2012-06-03 13:31:52 | 記事
福山市営住宅で孤独死2人

 福山市の市営住宅で2011年、70歳代女性と80歳代男性の計2人が孤独死したことが分かった。一人暮らしの高齢者は増加傾向にあることから市は、生活や健康状態の把握に向けて自治会との連携強化を検討中。ただ住民の負担増につながる可能性があり、専門家は人材育成や財政支援など、行政の積極的な対策を求めている。

 市によると、女性は昨年8月、「新聞がたまっている」という知人の連絡で、室内で亡くなっているのが見つかった。死後約1週間がたっていた。男性は11月に室内で死亡。民生委員が異常に気づき、死後約1日で発見された。

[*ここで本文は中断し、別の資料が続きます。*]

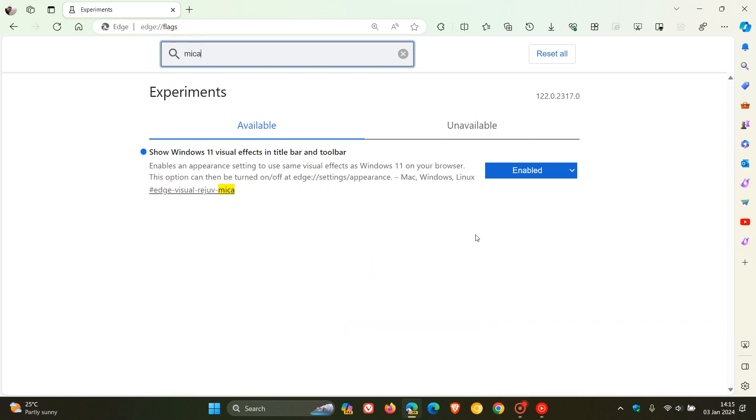Here you can see that I still have it enabled, but as mentioned, it is on a controlled rollout, so Microsoft is A-B testing the default functionality. I still have to enable the 'Show Windows 11 visual effects in title bar and toolbar' flag, but you'll get the general idea.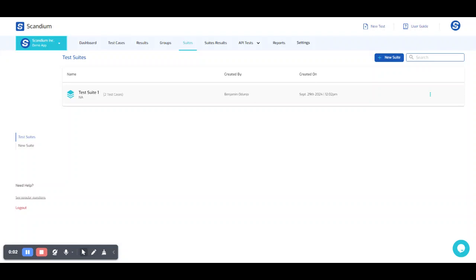Hi and welcome back. In this session we'll be talking about remote execution and scheduling, results and reporting in Scandio.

 福山市の市営住宅には3月末現在、74団地計2632戸に5981人が暮らす。65歳以上の高齢者は1491人で約25%。そのうち一人暮らしは約35%の517人に上る。

 市は、21戸以上が入る40団地の入居者57人に管理人を委嘱している。ただ住宅の修繕箇所の確認や、ごみ出しなどのルール徹底が主な業務。声掛けなどの見守り活動は含まれていない。管理人の自主活動や民生委員に頼っているのが現状だ。

 これについて福山平成大の藤井悟教授(地域福祉論)は「担い手育成や支援を必要とする人の把握などの課題は多く、住民だけでは負担が重い」と指摘。人材育成や財政支援に責任を持つなど、市の積極的な対策の必要性を説いている。


福島民報 2012年5月6日


 孤独死というと、阪神・淡路大震災や東日本大震災などの大規模災害での仮設住宅における社会問題と認知されている方も多いと思います。たしかに被災地では仮設住宅の劣悪な住環境や今後の生活の見通しがつかない不安から来るストレスで体調を崩される方が多いうえ、地域とのつながりが少ないために孤独死が発生しやすい環境にあるといえます。しかし、この事例を見れば分かるように被災地に特有の問題ではありません。孤独死は古くは明治時代から記録がありますが、1980年代以降に全国で急速に報道数が増えています。孤独死の定義が曖昧なため絶対数の把握は困難なものの、その増加は間違いないといえます。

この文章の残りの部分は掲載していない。